Make linalg easy again - Githubissues

lambday commented 8 years ago

DISCLAIMER : Any similarity to anyone's presidential campaign slogan is purely coincidental.

tl;dr: (1) what the hell is going on (2) now the days have changed (3) get rid of that ugly {{...}} guy. (4) It would be a great opportunity

Guys, me and @karlnapf had a discussion to clean up linalg lib a bit. Here are a few bits and pieces of that discussion

We have to stop supporting linalg back-end switch Shogun-wise. Earlier it seemed like a useful idea. But now it looks like a {{insert swear words}} feature to keep supporting.

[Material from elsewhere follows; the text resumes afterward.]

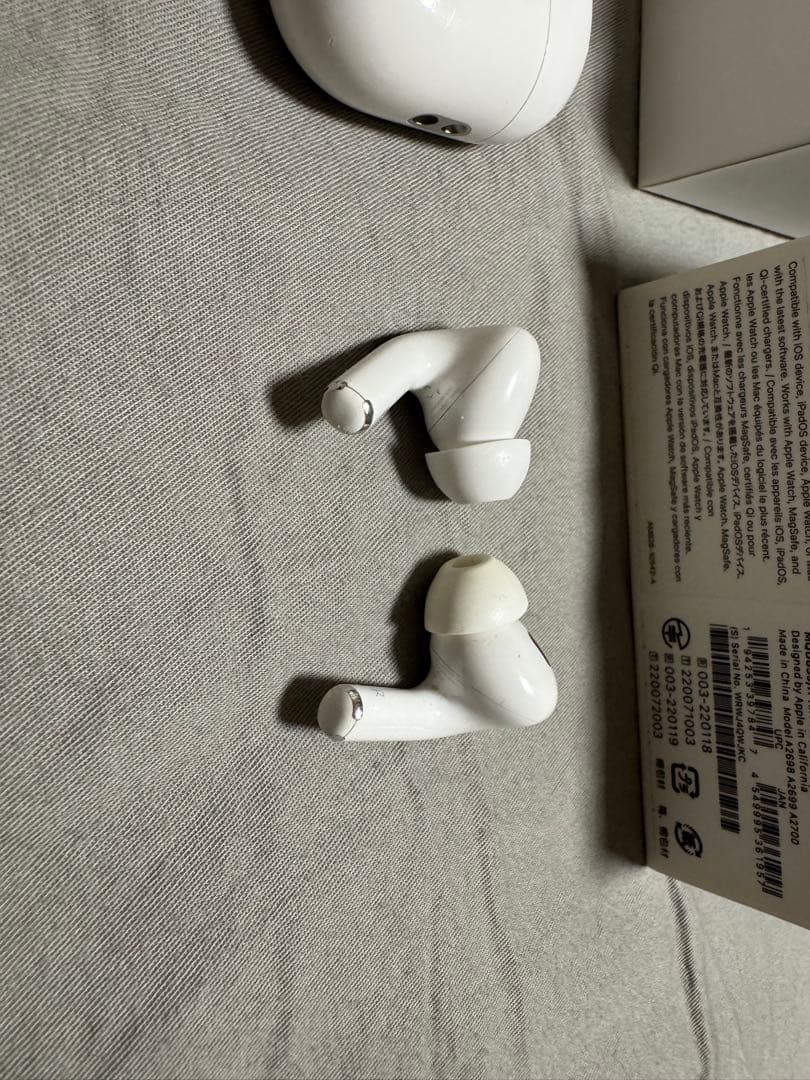 AirPods Pro2 ライトニング 本体 箱・充電ケース付き 付属品あり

It's super easy to break the build with this because it's super easy to overlook the technical details that are involved to bring this feature alive. It calls for nasty bugs (examples #2801, #2825) that makes one go like "what the hell is going on" (1). And in reality, we hardly think that it would cater for any greater good for the lib.
We have to stop automatic type conversion from CPU-type to GPU-type in the linalg methods. The data transfer involves some cost, which, if hidden under the hood, can go unnoticed. The devs should know when they want a GPU type.
We have to separate hardware requirements (whether GPU is available or not) from software requirements (which third-party library is available). Earlier Eigen3 wasn't a hard requirement, so in designing libalg, we had to assume the possibility that Eigen3 is not there. But now the days have changed (2). It's time we rethink some of these stuffs. We may also give support for CUDA in future.

So, here are the plans for how we're gonna do it.

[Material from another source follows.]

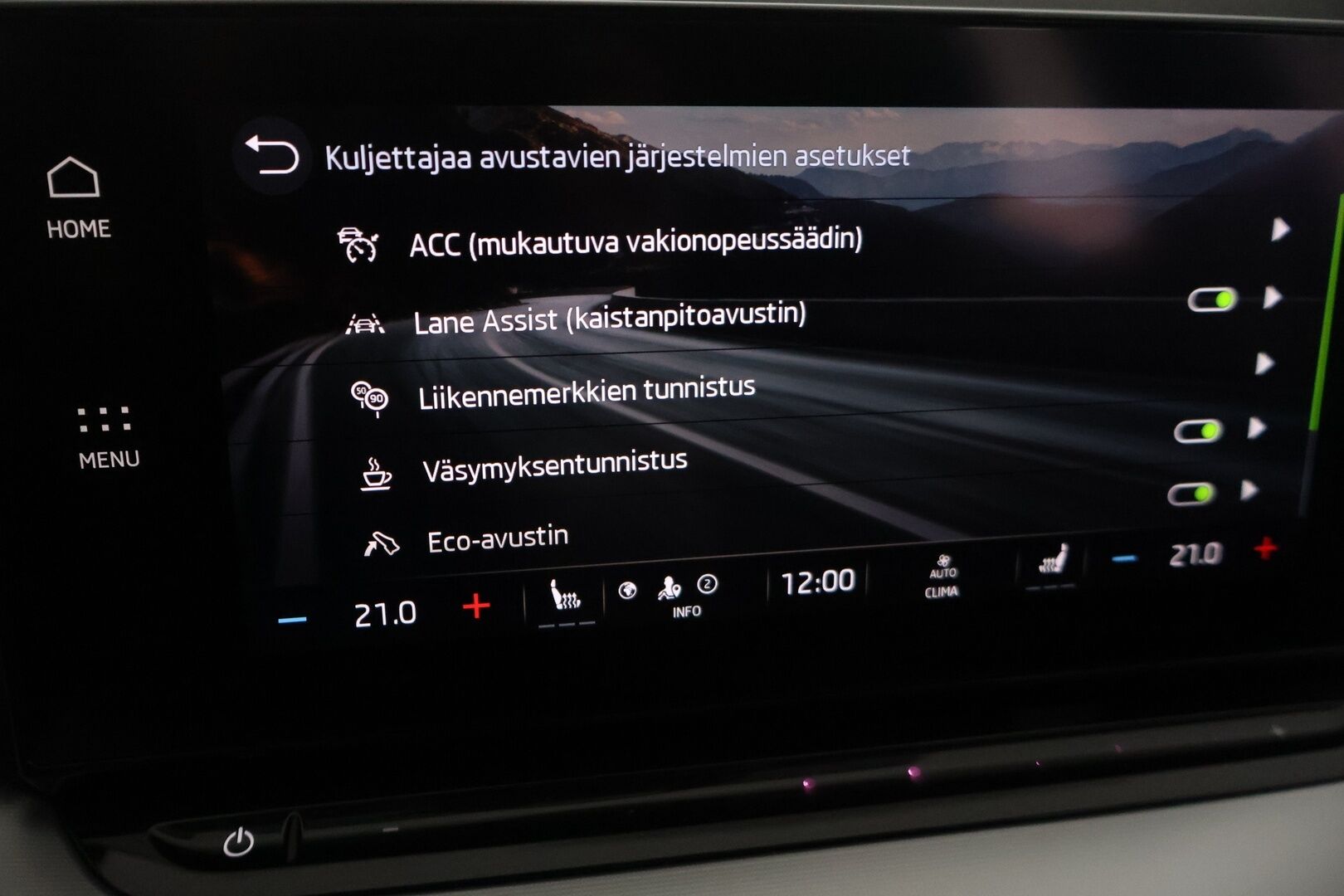SKODA OCTAVIA 2023 Combi Ambition 2.0 TDI 110kW - ACC | Webasto | Koukku | Matrix LED | Hierovat penkit | P.kamera ja tutkat | Ambient | KeyLess | Navi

A user of linalg would ask a GPU factory for a GPU type (data transfer from CPU --> GPU happens here).

// cpu_type = SGMatrix<T> or SGVector<T>
// in future, maybe even SGSparseVector<T> and SGSparseMatrix<T>
auto gpu_type = linalg::GPUFactory::get_gpu_type(cpu_type);
auto result = linalg::foo(gpu_type);

This makes it explicit - the dev knows that there is a cost involved (we could make it more explicit by naming it pretty_please_put_data_on_gpu_if_possible_and_yes_I_know_it_is_costly(...)). Plus, it makes it easier to code for this thing. Plus it helps us to get rid of that ugly linalg::Backend::FOOBAR guy (3) at the time of calling. (if we want anything to be under the hood, it's this guy).

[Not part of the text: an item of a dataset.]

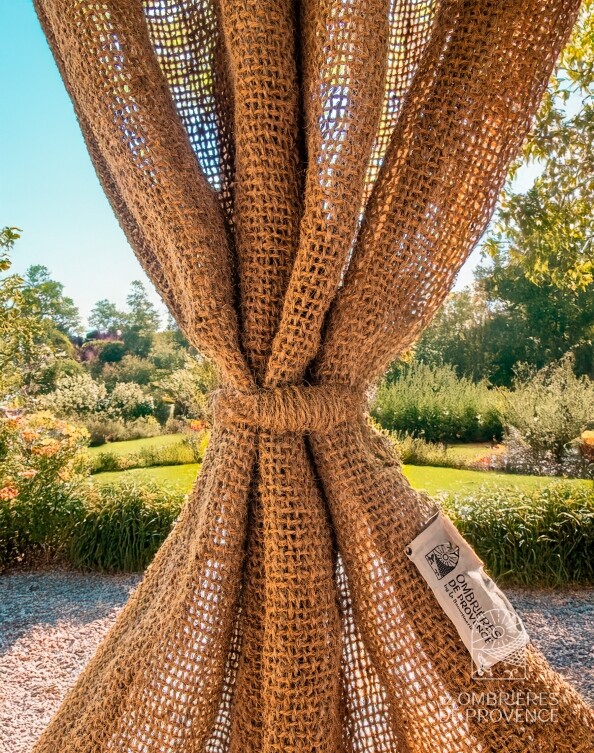 Rideaux à oeillets en fibre de coco attachés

In the above example, we can consider the following cases:
- GPU is available and ViennaCL is there (our default GPU lib) : returns a ViennaCL type
- GPU is available and CUDA is there : returns a CUDA type (yet to be born in Shogun)
- GPU is not available but ViennaCL is there : returns a ViennaCL type
- GPU is not available and ViennaCL is not there : returns the same cpu_type.
- GPU is available and ViennaCL and CUDA both are there : TODISCUSS
So, even in a platform where GPU/ViennaCL is not present, it doesn't break the build. It's like an advice to the algorithm: use GPU if there is any; otherwise, go on do your thing on CPU.
Now, a linalg dev would just have to write a bunch of overloaded methods (in a recent issue, we saw that the wrappers can slow it down). It would be a great opportunity (4) to encourage the devs to populate linalg with useful methods instead of scaring them off with template <template <class> class ....
We will still have a ViennaCL build. But that won't set the backend for all linalg methods in Shogun. It would just make the GPU-type as a VCL type, which would only be used wherever that factory is used. In short, it won't break anything.
We can also have a CUDA build in future, similar to ViennaCL build.

Here is a sample gist of how the factory thing should work. And this is how it is used.

Would love to hear comments from @lisitsyn @vigsterkr @besser82 @sonney2k @yorkerlin. I think this should be done quickly (I can do it myself), before we get too many patches for linalg. Thoughts?

lambday commented 8 years ago

Few more ideas, while we're at this:

If a shogun user has GPU, but wants to use CPU version instead (let's say, because the GPU is useless), there should be a cmake switch -DTURN_OFF_GPU or something. Essentially, this would just make the GPU factory to return a CPU type instead.
API should look cool. For normal operations, it would be just like I mentioned. But for element-wise, row-wise, col-wise, I'd love to have something like

linalg::elementwise(m).product(n);
linalg::elementwise(m).sin();
// NATIVE case handled here
linalg::elementwise(m).custom([](auto& v) { v = something_fun(v); }); 
// ViennaCL kernel case handled here
linalg::elementwise(gpu_m).custom("v = something_fun(v);"); 

// similar for rowwise and colwise.
linalg::colwise(m).sum();
linalg::colwise(m).custom(/* write a lambda for cpu/string for vcl */);

karlnapf commented 8 years ago

This has my strong +1

vigsterkr commented 8 years ago

@lambday ok so can i ask a simple question: why do we need a yet another CUDA backend?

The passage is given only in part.